CTO left without a word - theearlybird
Hey fellow friends! Recently, my CTO who doesn&#x27;t talk at all left without a word. Any idea on what to do?
======
vectorEQ
Find a CTO who is more talkative. Communication is key, so if this was
something this person could not do and still can't , dont bother with them
anymore. It's really hurtful for a company to have people who dont or barely
communicate so if this was/is an issue, don't be sad about having it resolved
now even though that means you will need to find a new suitable CTO. Best of
luck with that, i'm sure there's plenty fit for the job you are offering who
are able to communicate properly.

Its one thing to have a technical genious as CTO, if they are incapable of
proper communication, this is still useless person for the role. (maybe beter
as an engineer or someone who is talking to machines instead of people..)
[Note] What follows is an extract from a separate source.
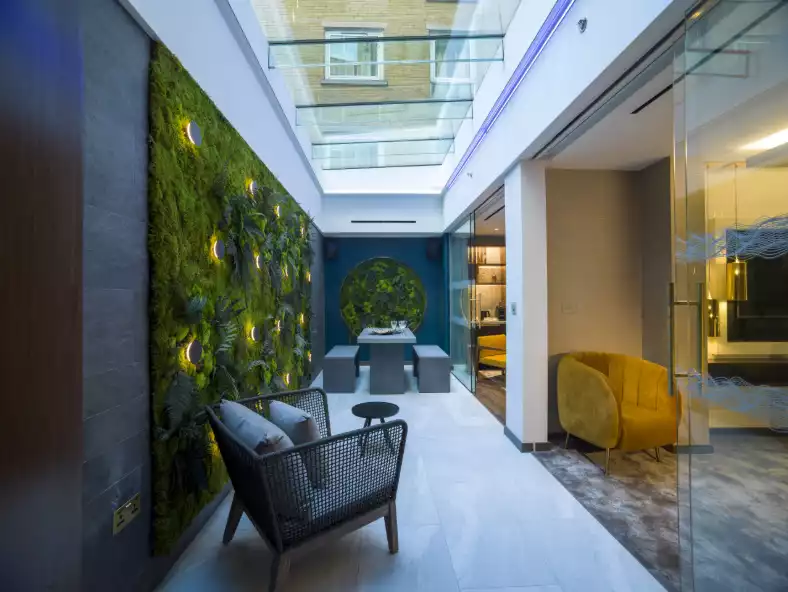Signature Luxury Suite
that someone would leave without a word is already a big indication things
before weren't beign communicated properly, bottled up, and eventually this
triggered this happening.

------
golemelog
1\. Wanna get the info why he walked away? \- Tell the CTO: "You're fired!
(assuming you're the CEO or co-founder)". Next time you know, he will give you
reasons why he left. \- By harvesting information from people close to the
CTO.

2\. Wanna continue with your endeavor or go on with your life (assuming you're
the CEO or co-founder)? \- Find another CTO